Figure 1: (a) A schematic which describes the vertical structure of our device (upper), and a micrograph of sample #1 (lower). (b) Conductivity of sample #1 as a function of VTG and VBG, measured at T = 1.5 K.

Figure 1(a) lower micrograph shows one of our double bilayer graphene heterostructures, and the upper schematic describes the vertical structure of the device. Samples are fabricated using a general dry transfer process, elaborated in Ref.8,23. Double bilayer graphene heterostructures can be considered as dual-gated bilayer graphene systems using the top bilayer graphene as a top-gate with relatively low density of states compared to a conventional metal gate. Back-gate bias (VBG)
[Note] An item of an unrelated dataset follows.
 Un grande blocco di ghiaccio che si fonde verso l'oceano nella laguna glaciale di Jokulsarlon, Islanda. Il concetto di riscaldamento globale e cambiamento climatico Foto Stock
is applied on the highly degenerate Si substrate, and top-gate bias (VTG) is applied on the top bilayer graphene. Bottom bilayer graphene conductivity (σ) was measured as a function of VBG and VTG using a conventional low-current lock-in technique while grounded in average. Figure 1(b) shows the measured conductivity of the bottom bilayer graphene of sample #1 at T = 1.5 K. Here, conductivity lower than 0.05 mS is presented as black, which is indeed along the diagonal charge neutrality line. VBG and VTG control carrier densities of the bottom (nB) and top (nT) bilayer graphene and corresponding chemical potentials of the bottom (μB) and top (μT) bilayers, as described by8,24 eVBG = e2(nB + nT)/CBG + μB (1) eVTG = −e2nT/CTG − μT + μB (2). CBG and CTG are capacitances of back-gate and top-gate dielectrics, and e is electron charge. VBG and VTG in Eqs. (1) and (2) are referenced with respect to the bias values at nB = nT = 0 (double charge neutrality point, DNP, at which both top and bottom graphene have zero carrier density). Using a dual-gated structure both carrier density and E-field across the bottom bilayer graphene (EB) can be independently controlled. EB is given by EB = enB/2ɛ0 + enT /ɛ0 + EB0 (3) where EB0 is a built-in E-field in the bottom bilayer graphene at DNP by unintentional doping25, and ɛ0 is vacuum permittivity. At nB = EB = 0 Eq. (1) and Eq. (3) yield EB0 = −enT /ɛ0 = CBGVBG/ɛ0, where VBG is the difference between the VBG values at DNP and at the nB = EB = 0 point25. nB = EB = 0 point is identified as the charge neutrality point (Dirac point) with a highest conductivity as marked in Fig. 1(b) [point (i), minimum band gap point], which is expected to have a minimum band gap. From that point EB increases along the charge neutrality line. We note that in Fig. 1(b)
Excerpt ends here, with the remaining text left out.